Siempre es puntual a la cita. Está allí, frente a mí, en otro andén que tan solo
separa una vía (la que me mantiene con vida). Es la misma Claudia perversa que
un día arrojé a la hoguera antes de mi ejecución. Pero los rescoldos queman el
alma, calcinan el amor. Brillan las pupilas de esa idiota, como si quisiera
ahogar las lágrimas, ¡joder, como si me quisiera! El menda ya imploró su perdón
y prometió no volver a bajarse la bragueta. Mi menda ya lloró.
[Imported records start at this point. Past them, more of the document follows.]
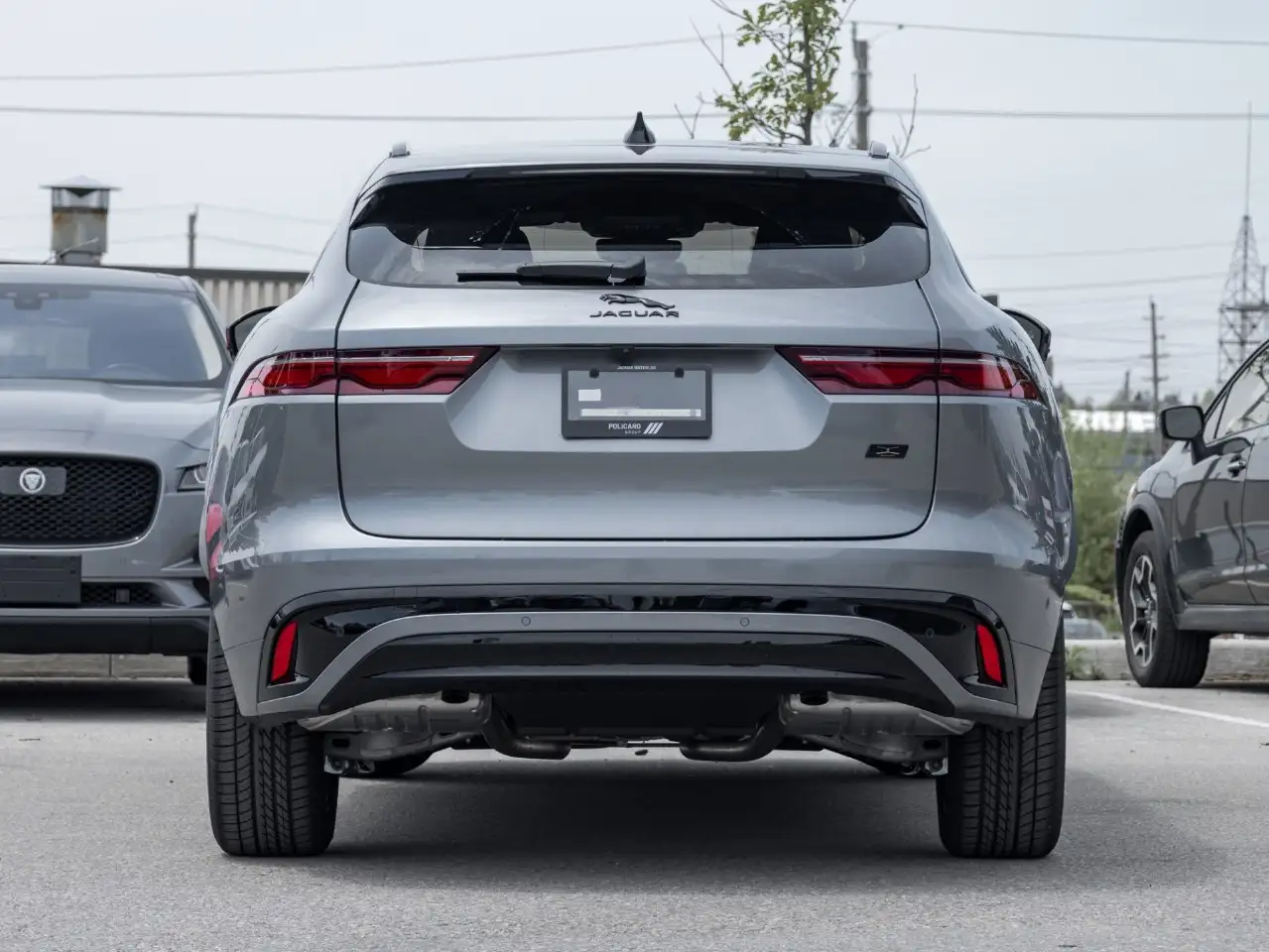 Jaguar F-Pace - Image 6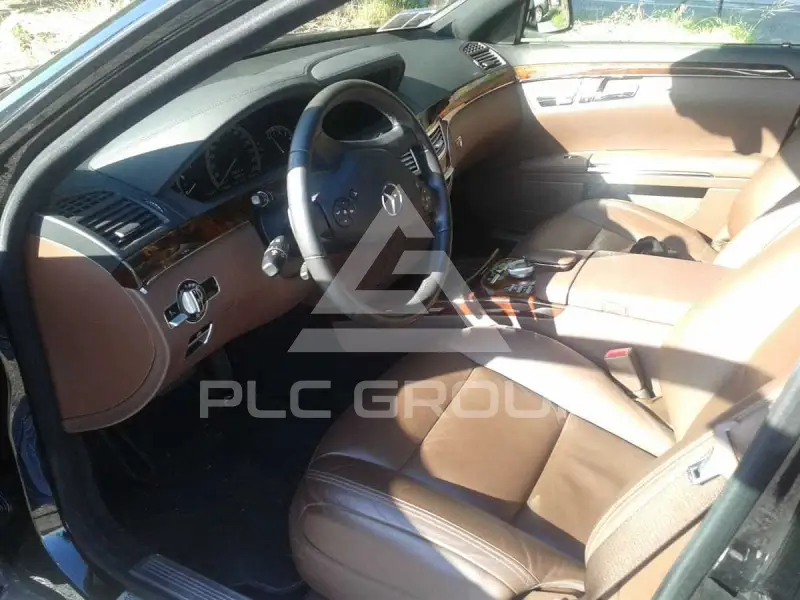 2015 Mercedes Benz GLA-Class
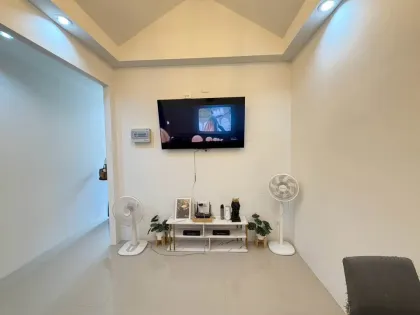 Mini Villa for Sale in Ban Don with 2 Bedrooms, 1 Bathroom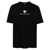 Versace Versace T-Shirts Black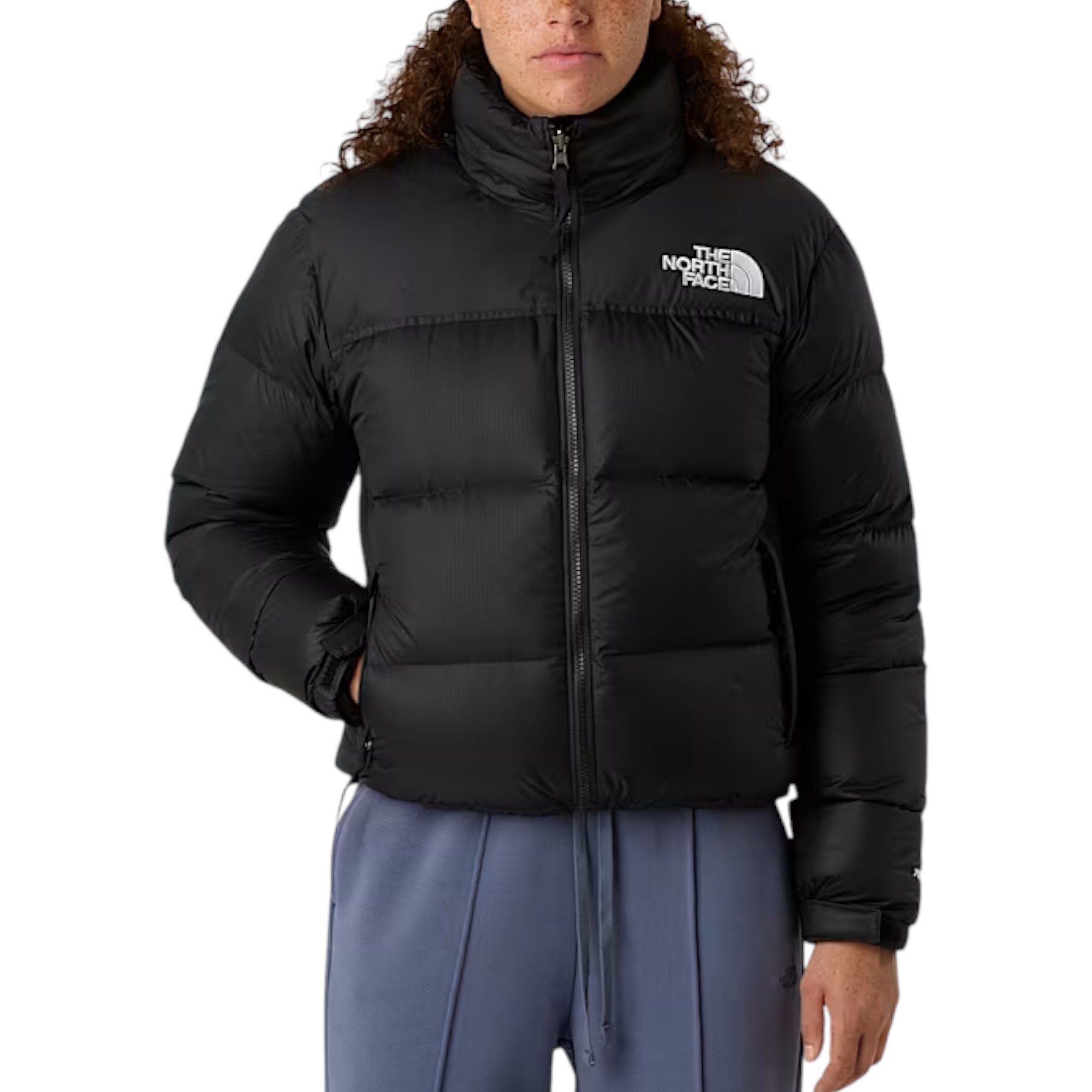 THE NORTH FACE JACKET DONNA
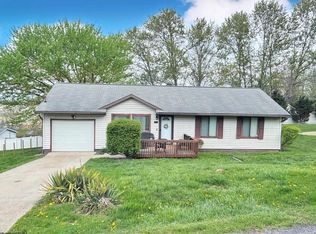 112 E Hillview Dr, Morgantown, WV 26508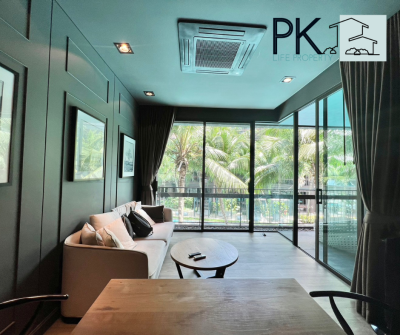 7R0200 Saturdays condominium 1Bedroom 1Bathroom 36,000/month at rawai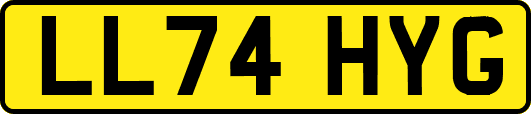 LL74HYG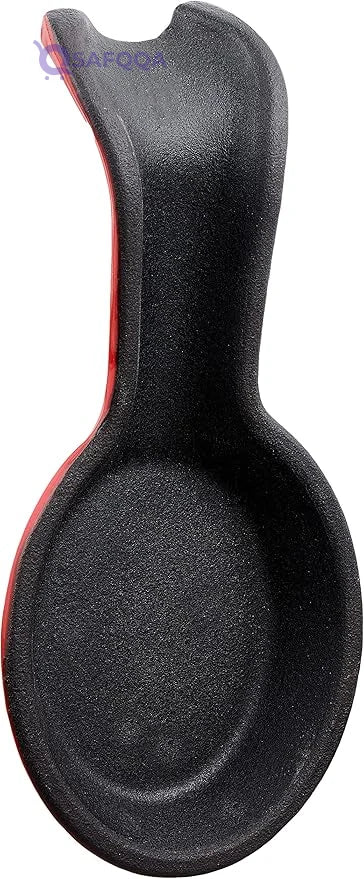 Berghoff Cast Iron Spoon Rest –  19x9 cm - Safqqa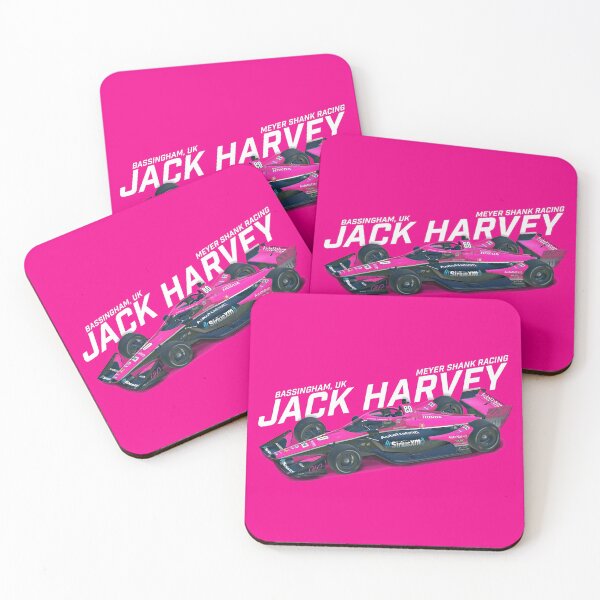 Item preview, Jack Harvey 2021 designed and sold by pdas1996.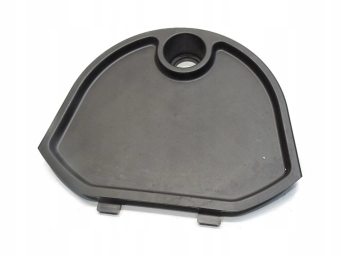POKRYWA KOŁA ZAPASOWEGO AUDI A6 C6 4F5012116
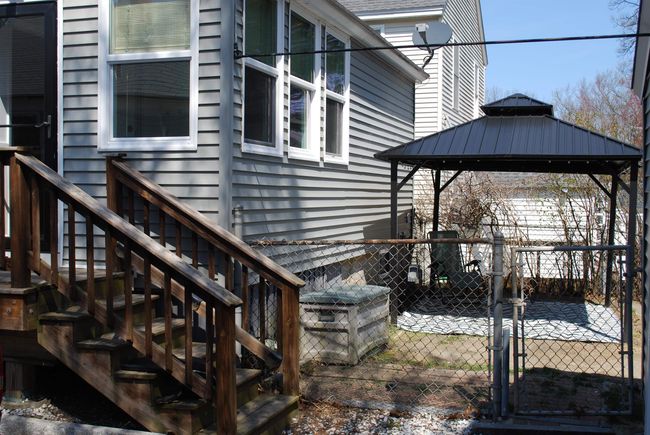 125 Orchard Ave, House other with 3 bedrooms, 2 bathrooms and null parking in Manchester NH | Image 48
A solas, en un
rincón, un relámpago de tregua.
Pelea,
entre una vorágine de autómatas con prisa, por ser la última en subir al tren.
Encoje su corazón, sujeta su mochila cargada de orgullo y, al fin, se introduce,
tras la muchedumbre, ocupando un espacio minúsculo. Se apea de mis ruinas.
¡Mierda!
Me
observo en el espejo. Como de costumbre, tengo la misma cara de gilipollas
frente a las alternativas. Y ella…, ella sigue siendo mi idiota preferida.